*WHAT IS BEING ASKED*:
Where the line containing "Lägenhet, Kattugglevägen 20. Bild 1 av 13" appears, start repeating, and continue exactly through the last line below, adding nothing. Include no pictures.

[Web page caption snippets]
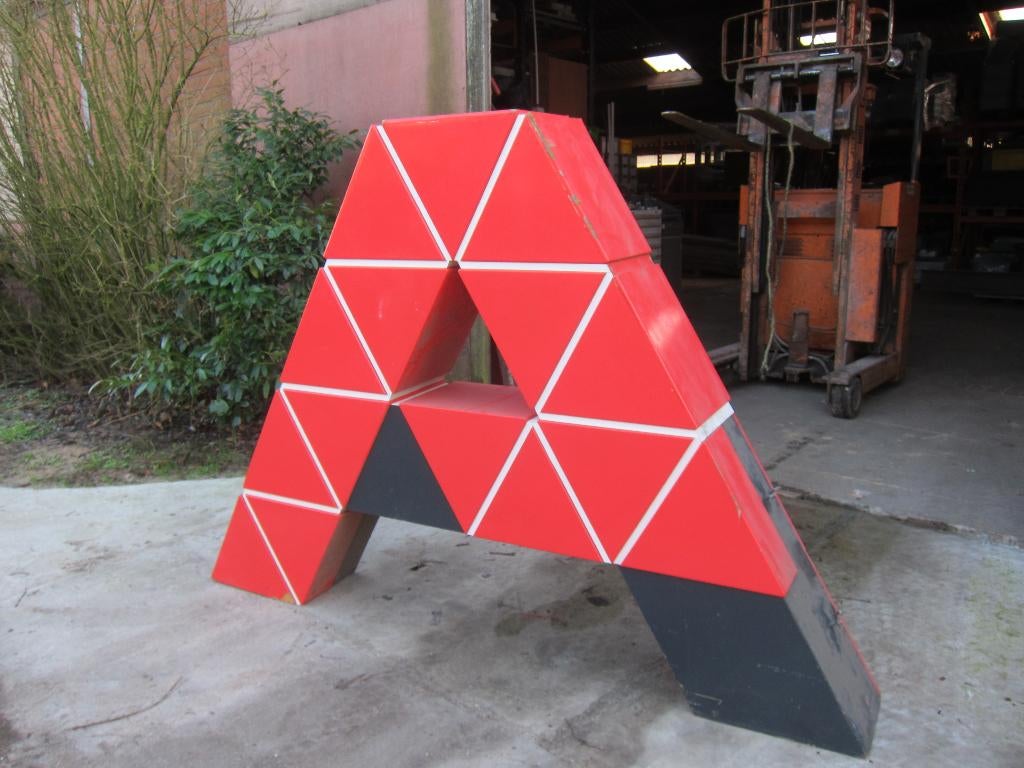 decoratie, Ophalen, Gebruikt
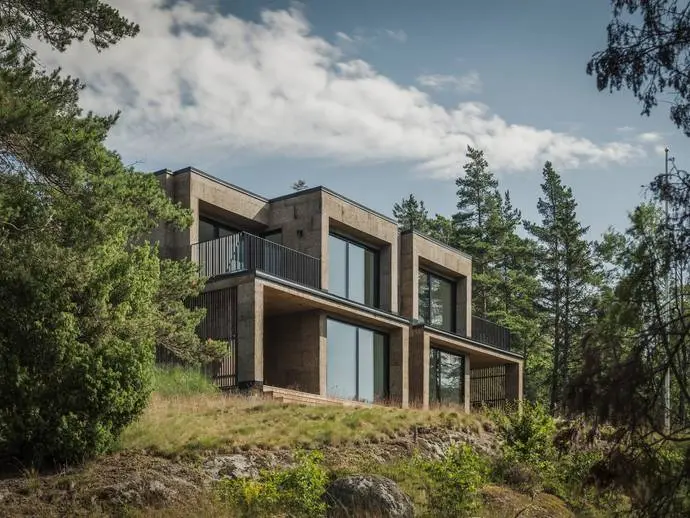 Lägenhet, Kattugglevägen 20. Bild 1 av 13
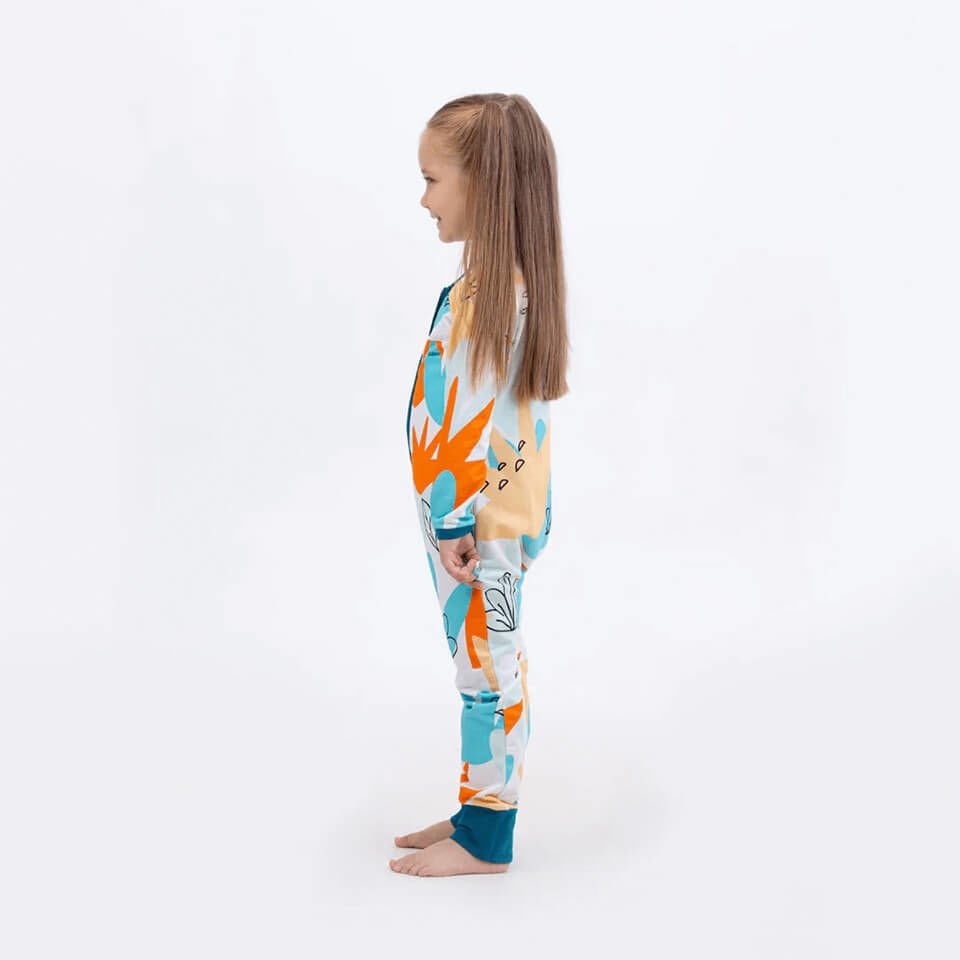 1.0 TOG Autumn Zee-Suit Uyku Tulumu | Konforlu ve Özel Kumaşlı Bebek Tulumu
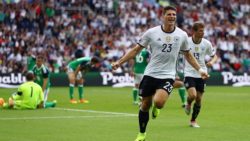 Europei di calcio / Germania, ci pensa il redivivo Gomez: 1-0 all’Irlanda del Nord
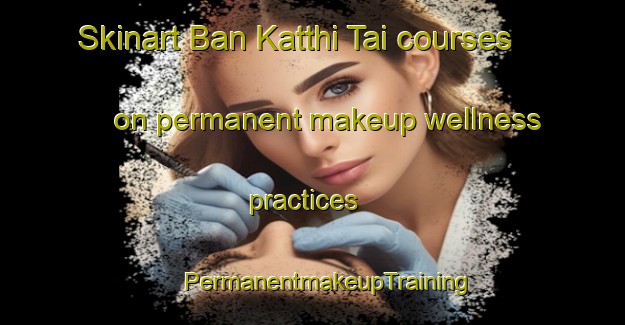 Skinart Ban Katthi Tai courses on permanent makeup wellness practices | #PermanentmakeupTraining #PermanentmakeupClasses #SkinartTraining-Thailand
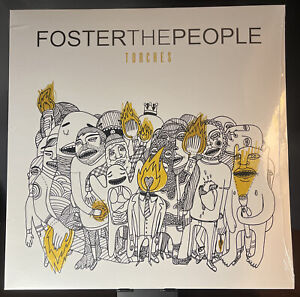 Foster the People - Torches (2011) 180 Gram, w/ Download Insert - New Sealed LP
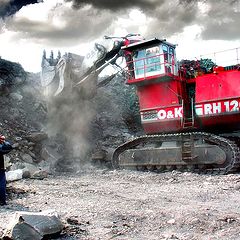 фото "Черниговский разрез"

*SOLUTION FOR THIS TASK*:
 Lägenhet, Kattugglevägen 20. Bild 1 av 13
 1.0 TOG Autumn Zee-Suit Uyku Tulumu | Konforlu ve Özel Kumaşlı Bebek Tulumu
 Europei di calcio / Germania, ci pensa il redivivo Gomez: 1-0 all’Irlanda del Nord
 Skinart Ban Katthi Tai courses on permanent makeup wellness practices | #PermanentmakeupTraining #PermanentmakeupClasses #SkinartTraining-Thailand
 Foster the People - Torches (2011) 180 Gram, w/ Download Insert - New Sealed LP
 фото "Черниговский разрез"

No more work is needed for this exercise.